Lors d'un colloque à Bercy consacré à l'économie verte, le ministre des Finances Bruno Le Maire a dit mardi vouloir "clarifier" sa position exprimée dimanche matin, estimant que cette dernière avait été "mal comprise".
"J'ai redit dimanche qu'il fallait aller au bout de la suppression de la taxe d'habitation. Aller au bout de la suppression de la taxe d'habitation cela veut dire aller au bout de la suppression de la taxe d'habitation", a déclaré le ministre, évoquant un impôt "injuste".
"Cela n'interdit pas que ce sujet fasse partie du débat que nous aurons sur la fiscalité. Nous n'allons pas décider à l'avance de son issue", a ajouté sur twitter le locataire de Bercy.
Invité du "Grand Rendez-Vous" Europe 1-CNews-Les Echos, M. Le Maire avait pourtant laissé entendre dimanche que l'exécutif pourrait revoir sa copie si une demande en ce sens venait à être formulée dans le cadre du débat national lancé en réponse au mouvement des gilets jaunes.
"Si nous répondons non à chaque demande des Français, que nous ne sommes pas capables d'écouter la demande de justice, nous ne réussirons pas le grand débat, qui doit s'ouvrir dans les prochaines semaines", avait-il expliqué.
Cette position avait été appuyée lundi par plusieurs membres du gouvernement. "Certains ont de gros revenus et de grosses habitations. Peut-être qu'on pourrait imaginer qu'il ne serait pas juste de les exclure", avait ainsi convenu le ministre des Comptes publics Gérald Darmanin.

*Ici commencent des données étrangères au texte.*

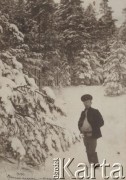 Zima 1914, leśnictwo Pristanskoje, Wyksa okolice, gubernia włodzimierska, Rosja.
Wacław Skorupski w pobliżu swojej leśniczówki.
Fot. NN, zbiory Ośrodka KARTA, album Wacława Skorupskiego udostępniła Agata Witerska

La possibilité de maintenir la taxe d'habitation pour les Français les plus aisés "est sur la table", avait indiqué de son côté le porte-parole du gouvernement Benjamin Griveaux, rappelant que la promesse initiale de la majorité était de "la supprimer pour 80% des ménages".
casse-tête
Durant la campagne présidentielle, Emmanuel Macron avait promis de supprimer la taxe d'habitation pour 80% des ménages, à raison de trois tranches successives entre 2018 et 2020, pour un coût total de près de dix milliards d'euros.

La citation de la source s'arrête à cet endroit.